I am a big time Backgammon fan. Play about 10 games a day on average.

But my favorite relaxing activity is to sit outside on the patio very early in the morning when it is quiet and read my bible and have a cup of coffee.

I also love a good round of paint ball with my friends.


----------



## pastachef (Nov 19, 1999)

My mom had a real green thumb, but gardening has never been my thing. I've spent so much money trying to grow things in my front and back yard. I finally got so furious that I went out and bought a whole load of artificial flowers and stuck them in the ground. No kidding, it took us three years to grow grass. The only thing I can successfully grow is mold


----------



## momoreg (Mar 4, 2000)

Monpetitchoux, I am growing carrots, red and yellow bell peppers, string beans, shallots, tomatoes, celery, parsley, basil, cilantro, thyme, rosemary, and habaneros.

So far so good, except the celery. I can't figure out what it needs.


----------



## kimmie (Mar 13, 2001)

Jeni and Pooh:

LOL, this is hilarious!


----------



## svadhisthana (May 6, 2001)

Yoga, long drives, photography, reading, painting, sculpting, running, and shopping for kitchen "toys"


Svadhisthana


----------



## shimmer (Jan 26, 2001)

I like to give in to moods, I feel refreshed afterward. 

Sitting outside watching thunderstorms.

Making my own versions of Frappucino.

Writing new (and cheesy) lyrics to well-known songs.

Listening to music from parts of the world I have never been.
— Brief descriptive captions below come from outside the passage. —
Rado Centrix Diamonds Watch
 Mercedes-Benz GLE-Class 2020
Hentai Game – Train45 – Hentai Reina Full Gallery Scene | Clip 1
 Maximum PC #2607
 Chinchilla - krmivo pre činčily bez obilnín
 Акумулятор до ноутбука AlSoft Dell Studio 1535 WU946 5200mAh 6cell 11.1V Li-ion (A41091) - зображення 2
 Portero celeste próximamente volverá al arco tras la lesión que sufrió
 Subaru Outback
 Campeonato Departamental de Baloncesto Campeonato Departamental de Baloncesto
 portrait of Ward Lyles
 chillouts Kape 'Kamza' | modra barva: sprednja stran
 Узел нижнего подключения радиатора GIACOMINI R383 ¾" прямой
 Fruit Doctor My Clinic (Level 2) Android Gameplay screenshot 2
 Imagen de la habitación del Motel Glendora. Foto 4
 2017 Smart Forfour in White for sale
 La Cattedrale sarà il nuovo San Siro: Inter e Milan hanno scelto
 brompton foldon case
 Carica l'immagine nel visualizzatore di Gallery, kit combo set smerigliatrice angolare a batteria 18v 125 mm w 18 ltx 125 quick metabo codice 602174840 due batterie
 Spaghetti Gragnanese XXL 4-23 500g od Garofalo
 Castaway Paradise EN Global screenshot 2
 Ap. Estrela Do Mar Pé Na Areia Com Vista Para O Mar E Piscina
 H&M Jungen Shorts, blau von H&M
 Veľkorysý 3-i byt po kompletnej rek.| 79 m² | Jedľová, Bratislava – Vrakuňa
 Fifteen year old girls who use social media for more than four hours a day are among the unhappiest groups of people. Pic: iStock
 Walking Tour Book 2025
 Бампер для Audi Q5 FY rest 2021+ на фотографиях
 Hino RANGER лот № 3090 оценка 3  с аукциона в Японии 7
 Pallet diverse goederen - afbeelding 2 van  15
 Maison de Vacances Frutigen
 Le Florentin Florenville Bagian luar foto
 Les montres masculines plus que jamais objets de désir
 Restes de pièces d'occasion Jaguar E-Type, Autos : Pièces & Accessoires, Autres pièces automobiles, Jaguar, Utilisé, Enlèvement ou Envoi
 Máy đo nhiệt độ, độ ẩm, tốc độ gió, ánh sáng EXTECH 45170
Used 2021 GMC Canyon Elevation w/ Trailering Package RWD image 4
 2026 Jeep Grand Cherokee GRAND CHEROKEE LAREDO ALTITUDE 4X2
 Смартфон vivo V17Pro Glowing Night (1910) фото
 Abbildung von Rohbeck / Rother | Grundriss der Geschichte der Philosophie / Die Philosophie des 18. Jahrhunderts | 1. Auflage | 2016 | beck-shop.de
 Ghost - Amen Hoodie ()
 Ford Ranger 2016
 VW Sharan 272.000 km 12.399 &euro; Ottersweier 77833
Especially Pakistan, Algeria, Zimbabwe, Finland, etc. 

Wandering around art museums (if I can drag my husband in!)

Playing games, but only if I win.

Coming up with ideas for paintings that will never be painted because I am not an artist, but it lives in my head.

Writing letters, instead of e-mails, to friends.

Playing with my puppies with no other plan in mind.

Trying to learn Gaelic.

Reading old classics and finding quotes that have deeper meaning.

Finding a place that is silent and seeking.

(I wish I had time for this kind of thing... right now life seems too crazy....)

~~Shimmer~~


----------



## pastachef (Nov 19, 1999)

Nancya, I love your line about watching your kite chase the sky. You could do a really nice poem around that line.


----------



## pastachef (Nov 19, 1999)

Gliding on the ice..., What a wonderful feeling of freedom. Flying must feel the same to birds. Kittens??? Oh, how adorable  And a baby? You have a handful of heaven in your household, Hockeypuck.


----------



## pastachef (Nov 19, 1999)

Love your post, Shimmer. You sound like a free spirit.


----------



## pastachef (Nov 19, 1999)

LOL! It doesn't matter. When you are with the person you love, you really do have a little patch of heaven.


----------